We review a development on a bootstrap method presented by Salibián-Barrera, Aelst, and Willems (2008) for robust estimators which is computationally faster and more resistant to outliers than the classical bootstrap. This fast and robust bootstrap method is, under reasonable regularity conditions, asymptotically consistent.
Robustness to outliers
In most practical cases the bootstrap is based on simulating the distribution of the estimator of interest by generating a large number of new samples randomly drawn from the original data. The estimator is recalculated in each of these bootstrap samples, and the empirical distribution of these bootstrapped estimates yields an approximation to the estimator’s true sampling distribution.

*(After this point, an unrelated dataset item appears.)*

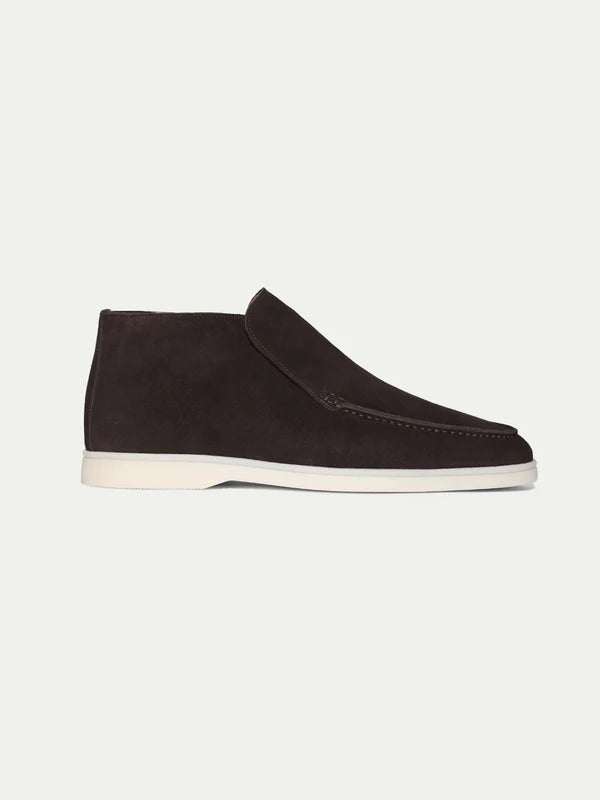 Elegance High Suede Loafers - Chocolate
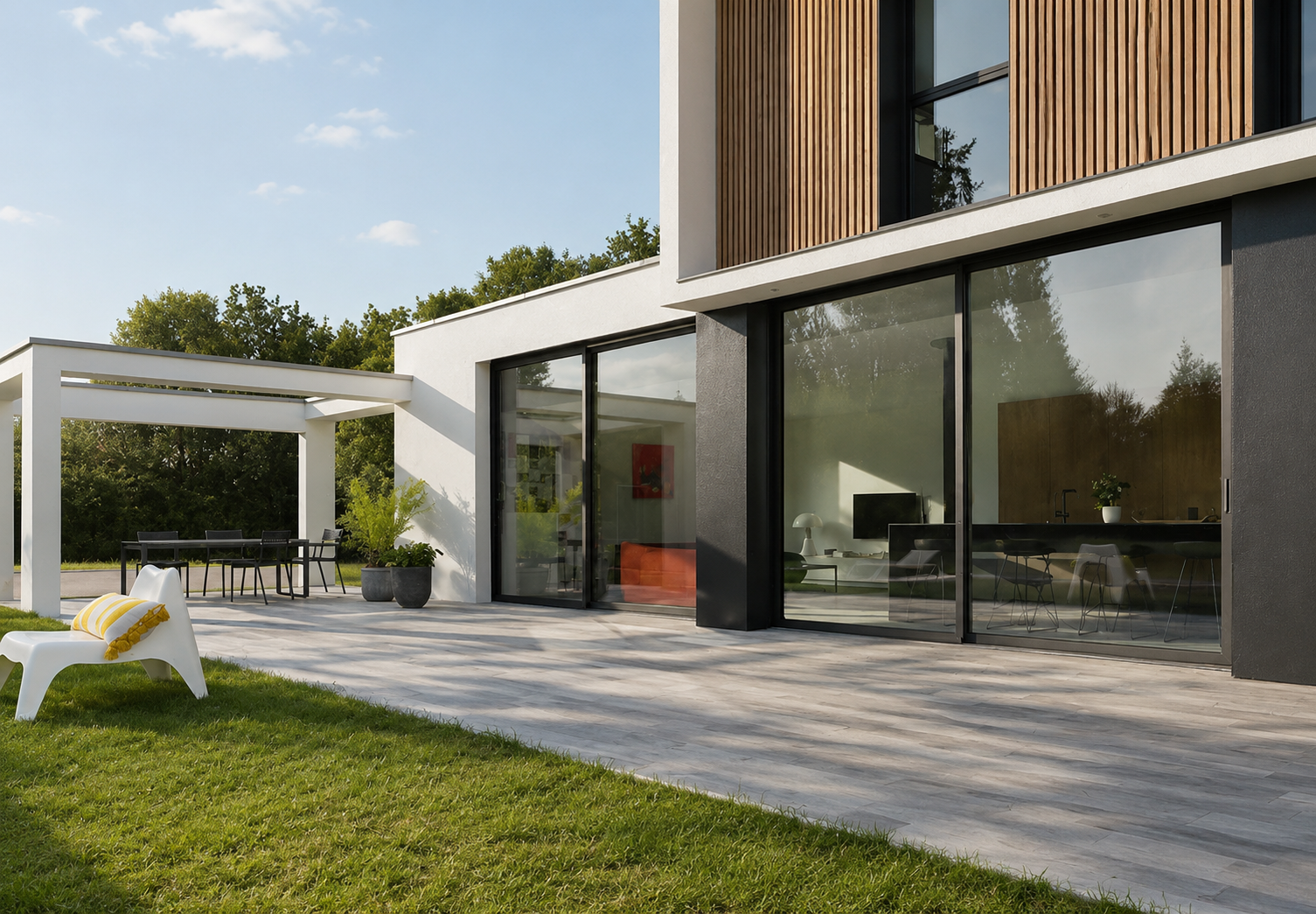 Maison moderne à étage avec baies vitrées et pergolas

However, two main problems arise when we want to use the bootstrap to estimate the sampling distribution of robust estimators: numerical instability and computational cost.
Intuitively, the reason for the numerical instability mentioned above is as follows. Since outlying and non-outlying observations have the same chance of belonging to any bootstrap sample, with a certain positive probability, the proportion of outliers in a bootstrap sample may be larger than the fraction of contamination that the robust estimator can tolerate. In other words, a certain proportion of the re-calculated values of the robust estimate may be heavily influenced by the outliers in the data.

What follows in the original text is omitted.